How banks and other financial institutions account for dynamic risk management activities in their financial statements is being retooled as the International Accounting Standards Board investigates new rules regarding macro hedging.

The IASB, the body which oversees the International Financial Reporting Standards, released last week a discussion paper on accounting for macro hedging. The goal is to come up with new rules that will “better reflect” the realities of macro hedging. According to IASB, many banks and other institutions manage interest rate risks and other risks dynamically on a portfolio basis, instead of on an individual contract basis. Because those risks and how they are managed change over time, that continuous process is difficult to account for under the current reporting rules, the IASB said.

The IASB has been working to replace the current accounting rules, IAS 39 Financial Instruments, with an updated standard known as IFRS 9 Financial Instruments, an initiative triggered by the financial collapse. In order to tackle the complex issue and seek input from a greater number of constituents, the IASB split off the rules dealing with macro hedging as a separate project.

“Current requirements make it difficult to faithfully represent dynamic risk management in entities' financial statements and can increase operational complexity,” IASB Chairman Hans Hoogervorst said in a statement. “This Discussion Paper sets out preliminary views on an accounting approach that better reflects the economics of dynamic risk management as compared to the current accounting requirements. Users of financial statements will also benefit from presentation that shows how dynamic risk management has affected an entity's profit or loss.”

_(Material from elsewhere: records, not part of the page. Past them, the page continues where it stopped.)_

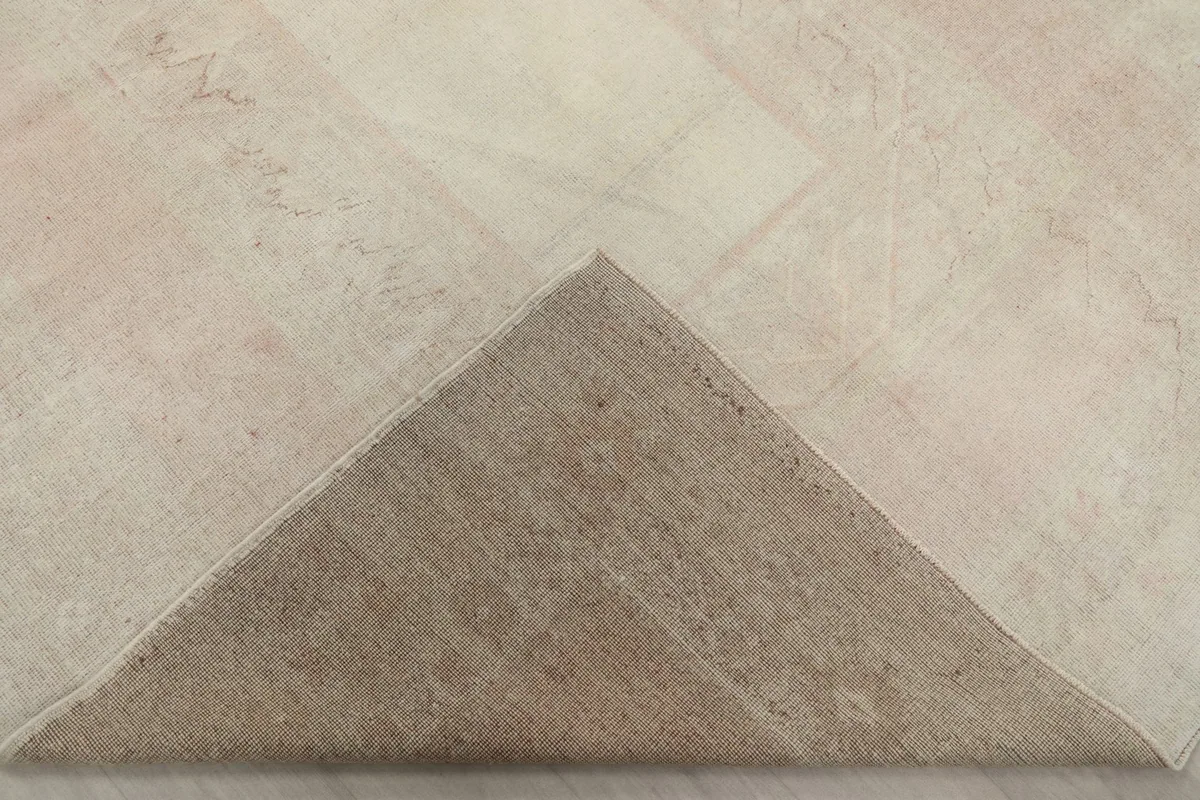 Folded corner of the rug revealing the wool pile on a cotton foundation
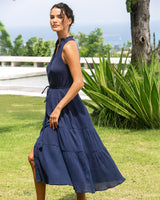 Woman in a navy blue dress standing outdoors with greenery and water in the background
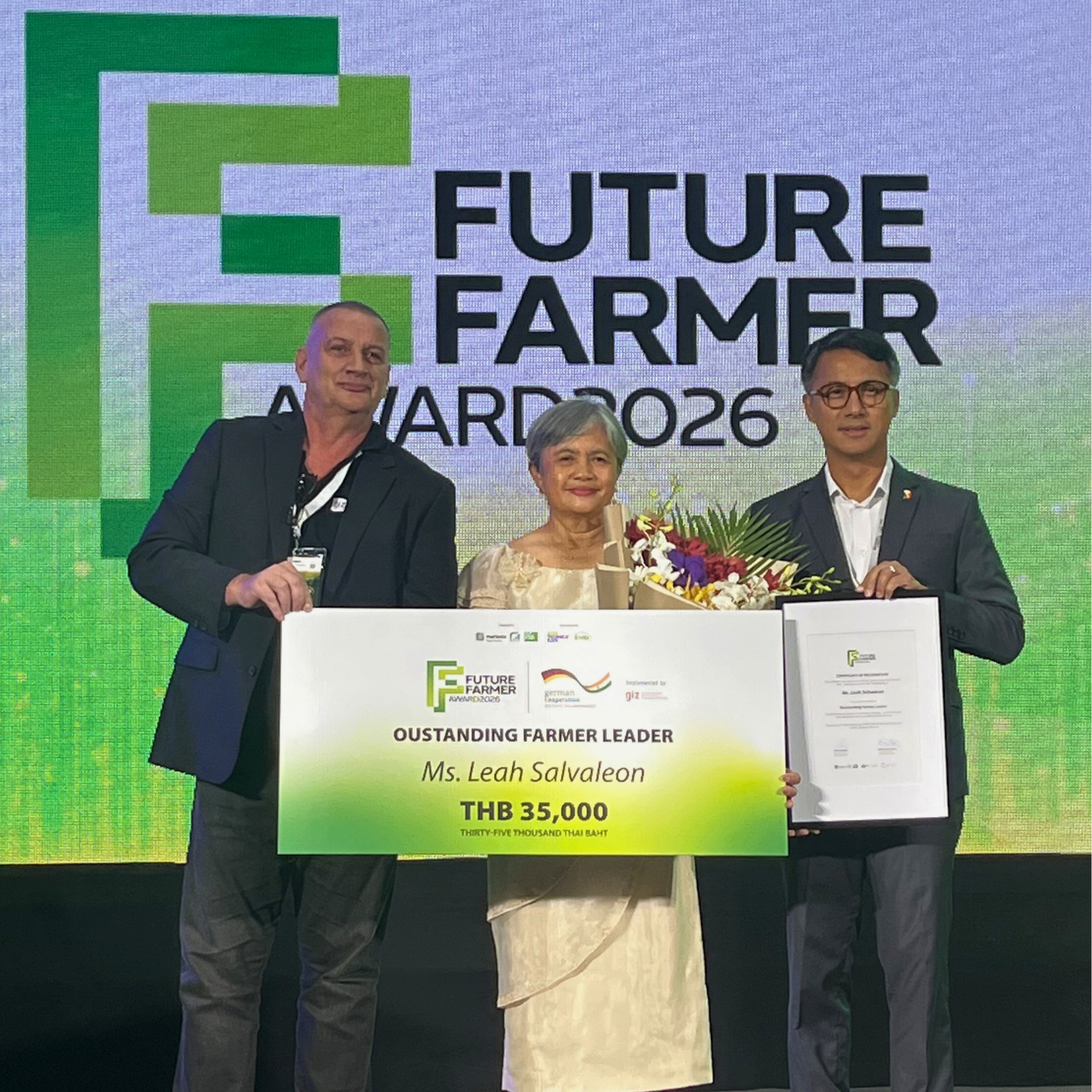 Farmer Leah Salvaleon with two men displaying her Future Farmer Award.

Andrew Spooner, financial instruments lead partner at Deloitte, told AccountancyAge that if approved as proposed, the new approach would “fundamentally change banks' accounting for lending and deposits.”

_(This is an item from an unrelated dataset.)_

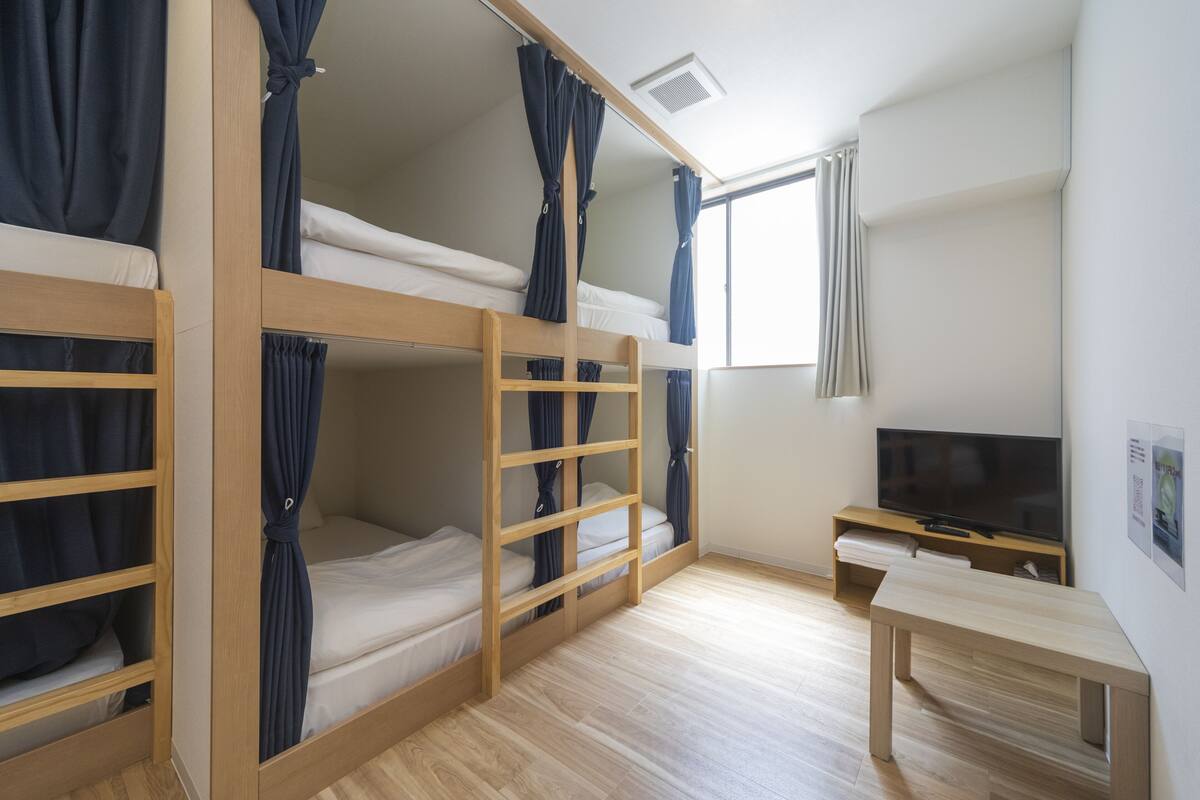 A bunk bed room with curtains, a TV, and a wooden bench.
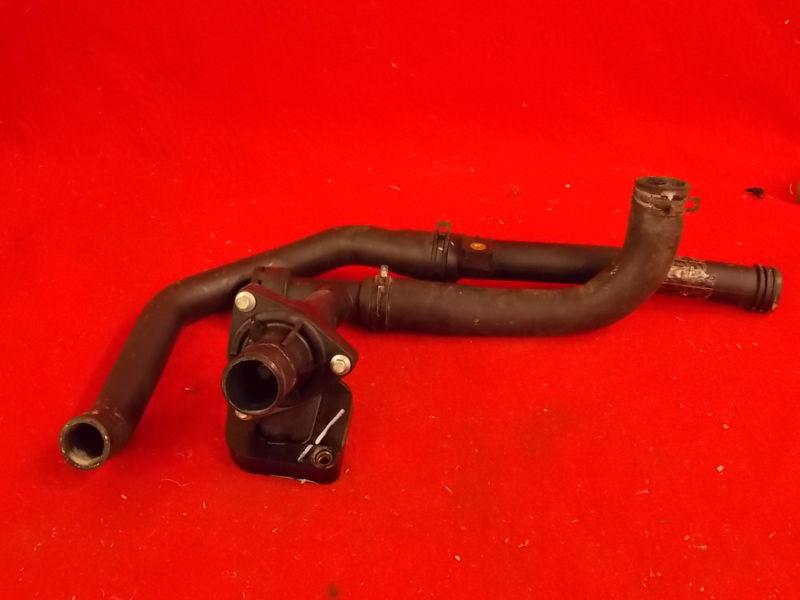 Purchase JAGUAR XType V6 upper radiator hose with thermostat. Fits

“The discussion paper purposely asks more questions than the IASB has answers for,” Spooner told the publication. “It is the start of what will be a long journey to solve the ongoing debate as to how to best account for banks' macro hedging of interest rates.”

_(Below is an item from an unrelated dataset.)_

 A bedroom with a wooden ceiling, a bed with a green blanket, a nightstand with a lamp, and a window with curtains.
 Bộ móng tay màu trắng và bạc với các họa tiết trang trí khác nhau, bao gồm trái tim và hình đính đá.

The possible approach put forward in the discussion paper is known as the portfolio revaluation approach (PRA). The IASB said the proposal calls for:

·         Exposures that are risk-managed using macro hedging would be revalued for changes in managed risk through profit or loss.

·         Fair value changes arising from risk management instruments like derivatives also would be recognized in profit or loss.

·         The success of an entity's macro hedging would be captured by the net effect of the above measurements in profit or loss.

·         Fair valuation of risk exposures that are managed with macro hedging would not be required.

·         Entities would be subject to more comprehensive disclosure requirements regarding macro hedging activities.

The discussion paper is available for comment until 17 October. The IASB also plans to do outreach to solicit more feedback on the issue.